How to make your own dried flower wreath
The days are getting a bit longer now and a bit brighter and it really feels like spring is on its way. It is the first week of February and I can’t wait to see the first colours' of spring from our Tulips and Daffodils.
So while we wait for new beginnings for 2022 and settle into some normality with the lockdown restrictions lifting and we head straight back into our busy lives, it is important to take time and unwind and relax and enjoy the simple things. Doing something new and creative like making your own dried flower wreath is a great way of taking time out for yourself or something fun to do with your family which you can then proudly display on your wall or a door. The materials you need are:
· Simple wreath ring (or you can make your own using natural foraged bendy branches)
· Florist wire (this is easily found in local craft shops or online from various stores).
· A mix of dried flowers, grasses and foliage.
· A strong scissors or pliers
Optional: A big steaming hot cup of tea or coffee or a nice glass of red and some chocolate!
Why dried flowers?
Dried flowers' used to remind me of dusty 1980’s floral decorations and not something that I thought of as cool or trendy but dried flowers' are definitely having a moment and I have total appreciation now. Dried flowers' extend the life of flowers and are a very sustainable way of enjoying flowers even in the darkest winter months of the years when blooms and colour are scarce.
I harvested a wide mix of flowers last year and I tried my hand at drying most of them to see what worked and what didn’t. Some were a major flop for drying but harvest times, harvest stage and flower variety really do matter when considering drying flowers. Some of my solid favourites are:
- Statice (Limonium)
- Strawflower (Helichrysum) - a special mention for strawflowers is required as they grow into papery magical beauties which I never tire of working with!
- Love in a mist (Nigella) seed pods
- Grasses : Pampas, wild grasses, Quaking grass (Briza Maxima)
- Honesty (Lunaria)
- Baby’s breath (Gypsophila)
- Billy Buttons (Craspedia)
- Cotton Lavender (Santolina)
Some flowers dry much better than others but this year, I dried some ‘weeds’ and wildflowers. Many of our own native plants are overlooked but can be really beautiful when dried. My favourite discovery this year was dock leaf seed heads which dried to a beautiful rich brown. I air dry the majority of my flowers (tying them in small bundles with string and hanging them upside from a ceiling in a dry dark room (in my case our magic odd sock room aka the spare bedroom). To dry smaller blooms, fruit, herbs and confetti petals, I use my reliable Stockli dehydrator and a hanging drying rack which is also super handy and space saving. (You can find the links for products below).

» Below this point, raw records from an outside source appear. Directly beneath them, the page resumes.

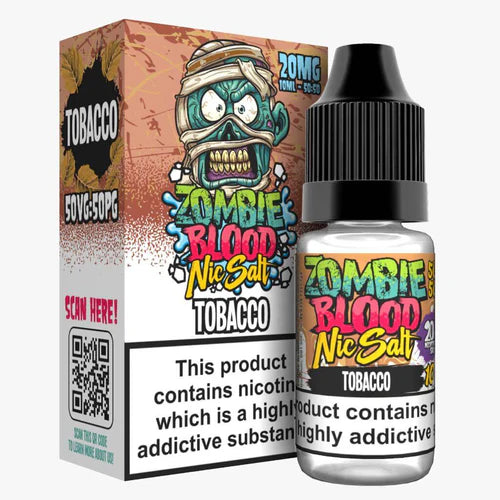 Zombie Blood 10ml Nic Salt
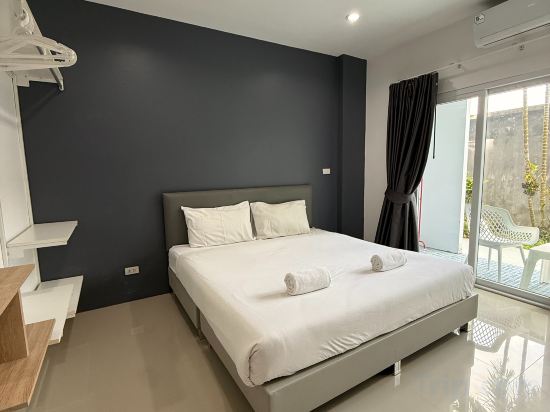 Big Buddha Hillside Hotel Room Type - Grand Deluxe Garden View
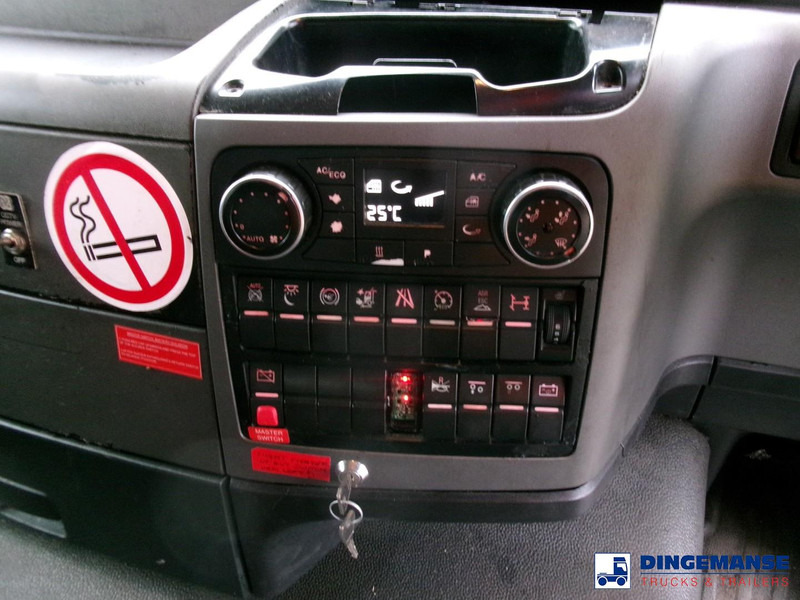 Tractor unit MAN TGS 24.460 6X2 RHD Euro 6 / ADR 19/07/24: picture 15 Tractor unit MAN TGS 24.460 6X2 RHD Euro 6 / ADR 19/07/24: picture 15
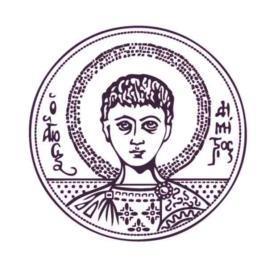 ΑΡΙΣΤΟΤΕΛΕΙΟ ΠΑΝΕΠΙΣΤΗΜΙΟ ΘΕΣΣΑΛΟΝΙΚΗΣ ΤΜΗΜΑ ΟΙΚΟΝΟΜΙΚΩΝ ΕΠΙΣΤΗΜΩΝ ΠΡΟΓΡΑΜΜΑ ΜΕΤΑΠΤΥΧΙΑΚΩΝ ΣΠΟΥΔΩΝ ΣΤΗ «ΔΙΟΙΚΗΣΗ ΚΑΙ ΟΙΚΟΝΟΜΙΑ» ΚΑΤΕΥΘΥΝΣΗ: ΟΙΚΟΝΟΜΙΚΗ ΚΑΙ ΠΕΡΙΦΕΡΕΙΑΚΗ ΑΝΑΠΤΥΞΗ Η διερεύ νηση των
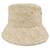 Cappello Burberry Marrone Beige Cotone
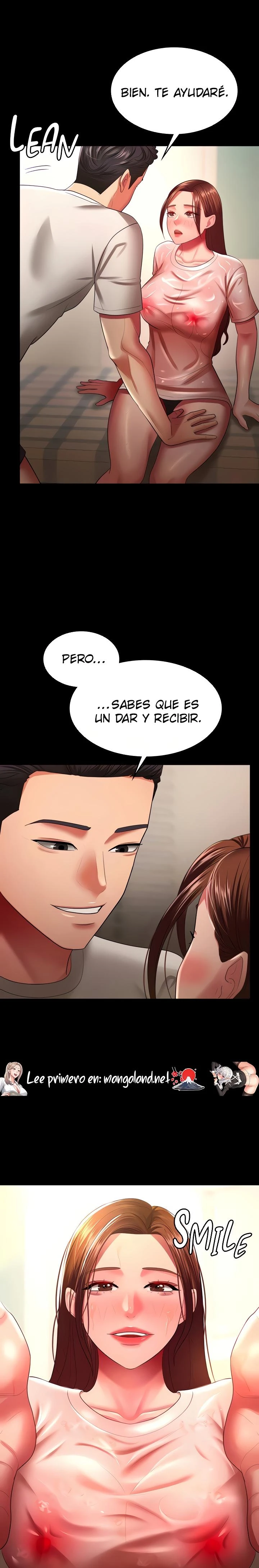 Tu esposa estaba deliciosa Capítulo 32 - Page 16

The first step is to just start by laying out all your dried flower materials in bundles so everything is to hand before you start. Consider where you are going to hang your wreath and surrounding colours' and accessories. Then think about what type of design you would like and whether it is a full circular design or a half moon crescent shape. If using a half moon shape, you can tilt it to the right or to the left and add lovely flourishes to either end of your arrangement with longer stem’s like Pampas or grasses.
There are two different methods to making a dried flower wreath;
1. Put together several little bundles of flowers, grasses and seed heads and cut to around 10-12cm in length and tie them off. You can follow a set colour pattern or design by simply repeating the same bundle each time. Each bundle is then secured one on top of the other (making sure to place each following bundle over the stem of the previous bundle). This method works great if you like consistency of pattern and uniformity.
2. The method I prefer the most is to add little and individual stems or bundles as I go. I find it easier to adjust shape and colour and add texture in this way and add little pops of interest along the circular design. I also like this method as I can easily add extra little bits at the end if I want.
Whichever method you prefer is completely up to you. If you would like the convenience of just getting everything you need to make a wreath delivered to your door, you can purchase our DIY dried flower wreath kit here on our web shop and follow our linked video to show you how to make your wreath. Our DIY dried flower wreath kits would also make a great gift for someone stuck at home isolating, or as a baby shower gift for an expectant mum who is in the exciting stages of preparing for a new arrival.
All of the dried flowers in our wreath kits are grown from seed, hand in hand with nature and all harvested and dried right here in Co. Wexford. All of our packaging is fully recyclable.
How long will they last?
Dried flower wreaths can last for many months and even years if they are properly cared for. To keep them at their best, they should be hung in a cool, dry place, away from moisture and humidity and out of direct sunlight. As with all natural things, their colour will fade over time.